Line by line, copy the records below exactly and leave the pictures out.

+++ GIVEN DATA +++

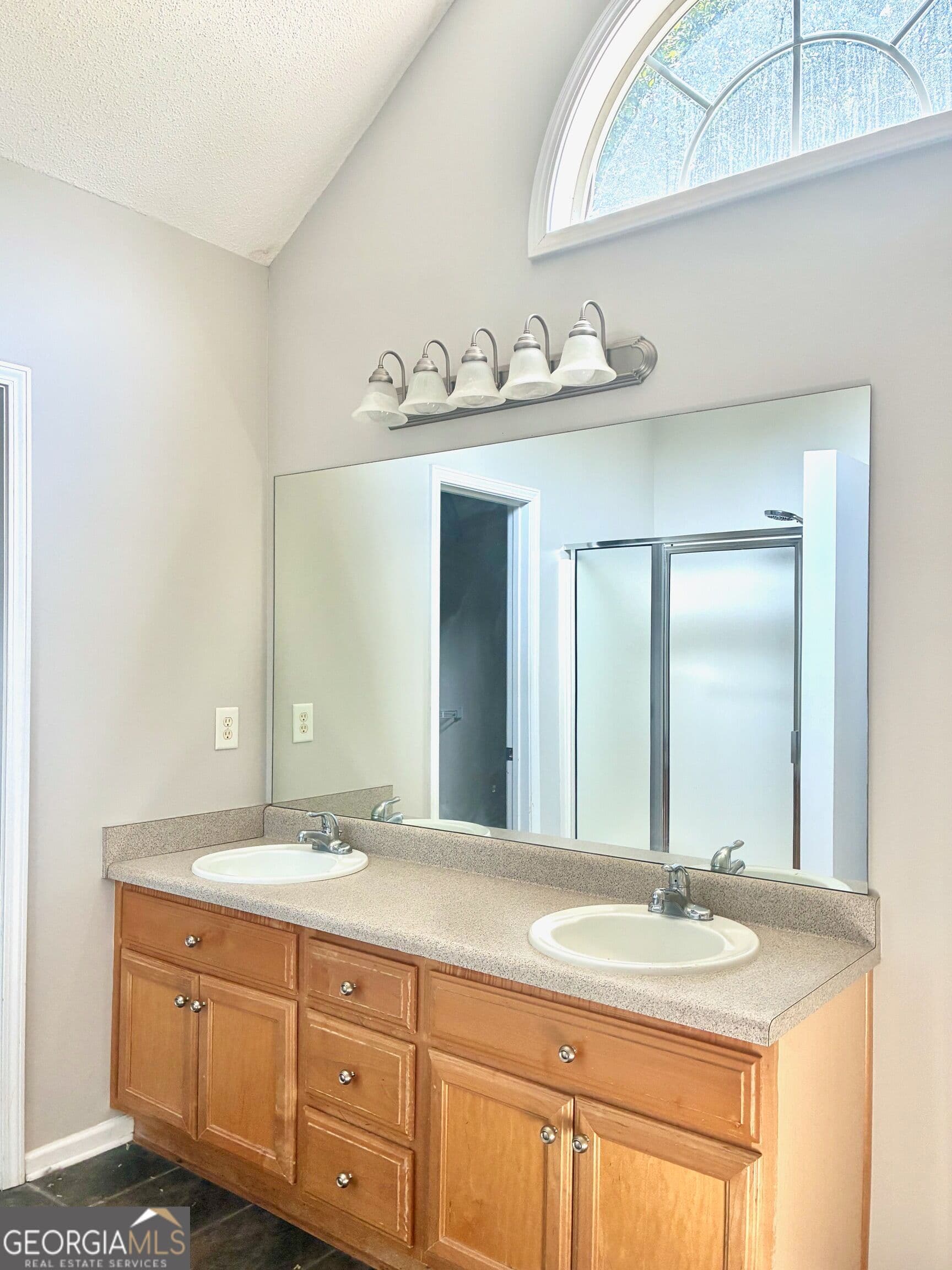 3 bedroom, 2 bathroom, 1,507 sq ft single family residence for sale at 180 Hidden Brook Trail, Newnan, GA 30265 — photo 9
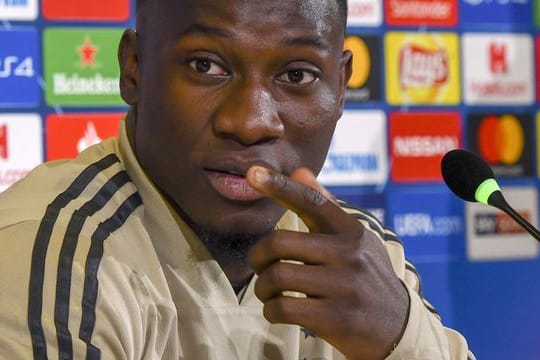 Ajax-Torwart Andre Onana wurde wegen eines Doping-Verstoßes für zwölf Monate gesperrt.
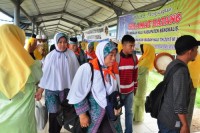 6 Jam Perjalanan, 216 JCH Bengkalis Tiba di Asrama Haji Batam
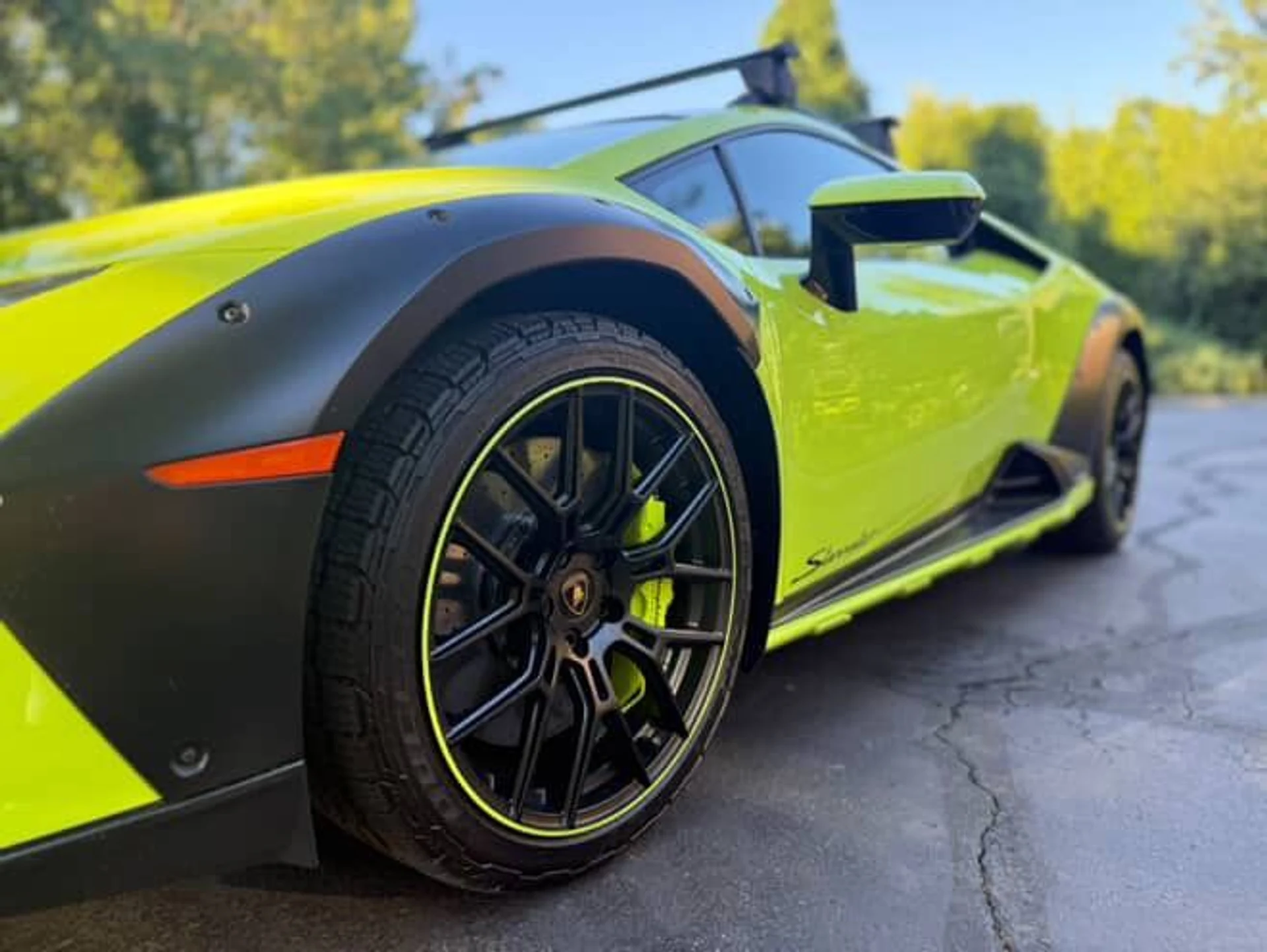mph004_52433773_Used_2024_Lamborghini_Huracan_Sterrato_1759167642_94e6db9a47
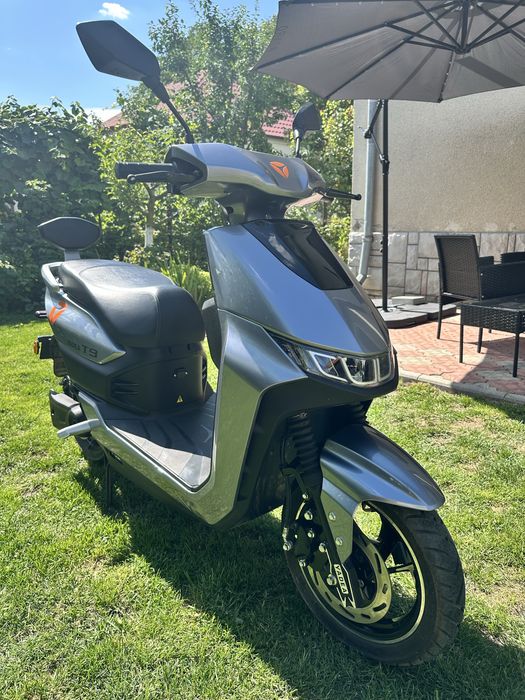 Електроскутер YАDEA T9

+++

RESULT BELOW:
 3 bedroom, 2 bathroom, 1,507 sq ft single family residence for sale at 180 Hidden Brook Trail, Newnan, GA 30265 — photo 9
 Ajax-Torwart Andre Onana wurde wegen eines Doping-Verstoßes für zwölf Monate gesperrt.
 6 Jam Perjalanan, 216 JCH Bengkalis Tiba di Asrama Haji Batam
mph004_52433773_Used_2024_Lamborghini_Huracan_Sterrato_1759167642_94e6db9a47
 Електроскутер YАDEA T9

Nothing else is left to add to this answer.